Data from the largest-ever international trial of chemotherapy treatments for ovarian cancer, ICON3 (International Collaborative Ovarian Neoplasm), suggested that treating women initially with standard chemotherapy drugs is as effective as adding the drug paclitaxel to those treatments, and causes fewer side-effects (Medical Research Council, 2002). A later study (ICON4) looking at the effect of a combination of paclitaxel and platinum chemotherapy versus conventional platinum-based chemotherapy drugs in women with relapsed ovarian cancer were more optimistic and indicated an increased survival rate of seven per cent.

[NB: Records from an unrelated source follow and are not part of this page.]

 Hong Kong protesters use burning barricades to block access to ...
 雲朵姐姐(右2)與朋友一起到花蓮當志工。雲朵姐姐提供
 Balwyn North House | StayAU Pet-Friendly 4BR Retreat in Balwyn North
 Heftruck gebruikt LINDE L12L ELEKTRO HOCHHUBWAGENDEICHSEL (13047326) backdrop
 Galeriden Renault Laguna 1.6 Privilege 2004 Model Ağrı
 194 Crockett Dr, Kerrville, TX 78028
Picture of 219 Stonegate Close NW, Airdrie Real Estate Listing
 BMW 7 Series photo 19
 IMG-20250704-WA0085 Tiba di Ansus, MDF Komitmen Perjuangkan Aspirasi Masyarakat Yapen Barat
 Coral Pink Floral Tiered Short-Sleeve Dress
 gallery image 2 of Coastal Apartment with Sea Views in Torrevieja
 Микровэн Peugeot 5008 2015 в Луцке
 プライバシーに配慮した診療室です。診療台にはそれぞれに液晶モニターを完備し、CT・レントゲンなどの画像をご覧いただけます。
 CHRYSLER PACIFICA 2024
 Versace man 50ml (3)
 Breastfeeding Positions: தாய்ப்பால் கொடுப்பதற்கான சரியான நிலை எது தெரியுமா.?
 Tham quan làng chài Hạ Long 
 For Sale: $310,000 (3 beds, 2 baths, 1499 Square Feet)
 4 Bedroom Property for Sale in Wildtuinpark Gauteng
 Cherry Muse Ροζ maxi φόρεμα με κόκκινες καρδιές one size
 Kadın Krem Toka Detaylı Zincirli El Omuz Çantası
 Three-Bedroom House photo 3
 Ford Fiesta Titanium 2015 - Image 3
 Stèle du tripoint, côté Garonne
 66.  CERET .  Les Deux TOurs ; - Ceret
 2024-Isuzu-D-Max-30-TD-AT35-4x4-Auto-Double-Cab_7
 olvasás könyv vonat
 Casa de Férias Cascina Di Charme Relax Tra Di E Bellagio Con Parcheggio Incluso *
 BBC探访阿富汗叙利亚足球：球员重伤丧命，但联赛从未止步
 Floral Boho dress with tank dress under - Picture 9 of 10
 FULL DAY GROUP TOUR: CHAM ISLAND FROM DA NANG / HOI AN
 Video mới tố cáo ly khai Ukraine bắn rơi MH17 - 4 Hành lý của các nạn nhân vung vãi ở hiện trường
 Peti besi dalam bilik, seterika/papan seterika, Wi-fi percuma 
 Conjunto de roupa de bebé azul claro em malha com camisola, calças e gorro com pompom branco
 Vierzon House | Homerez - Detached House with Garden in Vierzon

The National Institute for Clinical Excellence currently recommends that paclitaxel in combination with a platinum-based compound, or platinum-based therapy alone (cisplatin or carboplatin) are offered as alternatives for first-line chemotherapy (usually following surgery) (NICE, 2003). (Additional NICE recommendations on treating recurrent ovarian cancer can be found at www.nice.org.uk).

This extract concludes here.